EXERCISE DETAILS:
Your output is the line containing "this 1456×816 image." plus all lines after it to the end of the records, reproduced exactly, with nothing else.

RECORDS FOR THIS EXERCISE:
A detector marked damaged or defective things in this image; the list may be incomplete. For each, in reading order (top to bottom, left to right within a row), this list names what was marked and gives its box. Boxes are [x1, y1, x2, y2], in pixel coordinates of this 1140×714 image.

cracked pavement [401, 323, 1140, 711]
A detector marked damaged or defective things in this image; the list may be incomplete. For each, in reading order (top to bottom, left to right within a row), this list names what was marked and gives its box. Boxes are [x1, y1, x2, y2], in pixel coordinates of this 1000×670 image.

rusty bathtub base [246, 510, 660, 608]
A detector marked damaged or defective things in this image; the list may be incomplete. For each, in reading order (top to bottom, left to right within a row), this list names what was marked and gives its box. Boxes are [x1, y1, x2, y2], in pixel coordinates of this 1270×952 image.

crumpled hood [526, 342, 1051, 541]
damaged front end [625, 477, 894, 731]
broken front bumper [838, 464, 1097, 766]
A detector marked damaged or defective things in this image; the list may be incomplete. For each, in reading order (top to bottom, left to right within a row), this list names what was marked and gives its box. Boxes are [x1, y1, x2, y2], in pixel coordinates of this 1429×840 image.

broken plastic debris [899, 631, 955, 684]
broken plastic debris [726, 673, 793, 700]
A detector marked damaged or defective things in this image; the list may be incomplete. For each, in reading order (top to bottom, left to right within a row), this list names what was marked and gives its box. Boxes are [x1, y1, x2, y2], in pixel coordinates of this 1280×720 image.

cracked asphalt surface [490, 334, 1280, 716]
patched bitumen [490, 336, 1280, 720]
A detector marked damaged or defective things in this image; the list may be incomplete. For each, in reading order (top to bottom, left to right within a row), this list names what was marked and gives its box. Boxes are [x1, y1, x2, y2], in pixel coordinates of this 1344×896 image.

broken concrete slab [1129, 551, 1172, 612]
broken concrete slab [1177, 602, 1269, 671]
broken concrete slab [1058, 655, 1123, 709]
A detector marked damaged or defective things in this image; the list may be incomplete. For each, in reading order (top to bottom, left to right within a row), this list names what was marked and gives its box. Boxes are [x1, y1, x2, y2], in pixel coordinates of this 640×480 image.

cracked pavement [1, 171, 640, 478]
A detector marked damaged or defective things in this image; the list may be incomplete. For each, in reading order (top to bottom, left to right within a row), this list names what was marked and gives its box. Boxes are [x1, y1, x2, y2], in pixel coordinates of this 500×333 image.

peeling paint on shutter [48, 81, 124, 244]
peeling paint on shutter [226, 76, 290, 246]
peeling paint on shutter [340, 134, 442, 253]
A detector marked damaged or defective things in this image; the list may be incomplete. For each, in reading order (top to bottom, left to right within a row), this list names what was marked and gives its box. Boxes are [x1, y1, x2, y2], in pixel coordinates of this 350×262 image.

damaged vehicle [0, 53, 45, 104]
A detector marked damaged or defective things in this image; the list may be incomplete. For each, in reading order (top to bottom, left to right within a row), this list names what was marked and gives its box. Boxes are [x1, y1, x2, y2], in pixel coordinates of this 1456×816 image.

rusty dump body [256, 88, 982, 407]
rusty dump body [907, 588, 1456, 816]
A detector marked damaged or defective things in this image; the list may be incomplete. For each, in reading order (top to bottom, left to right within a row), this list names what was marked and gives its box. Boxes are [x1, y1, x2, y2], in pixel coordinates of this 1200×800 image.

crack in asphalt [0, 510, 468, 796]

OUTPUT FOR THIS EXERCISE:
A detector marked damaged or defective things in this image; the list may be incomplete. For each, in reading order (top to bottom, left to right within a row), this list names what was marked and gives its box. Boxes are [x1, y1, x2, y2], in pixel coordinates of this 1456×816 image.

rusty dump body [256, 88, 982, 407]
rusty dump body [907, 588, 1456, 816]
A detector marked damaged or defective things in this image; the list may be incomplete. For each, in reading order (top to bottom, left to right within a row), this list names what was marked and gives its box. Boxes are [x1, y1, x2, y2], in pixel coordinates of this 1200×800 image.

crack in asphalt [0, 510, 468, 796]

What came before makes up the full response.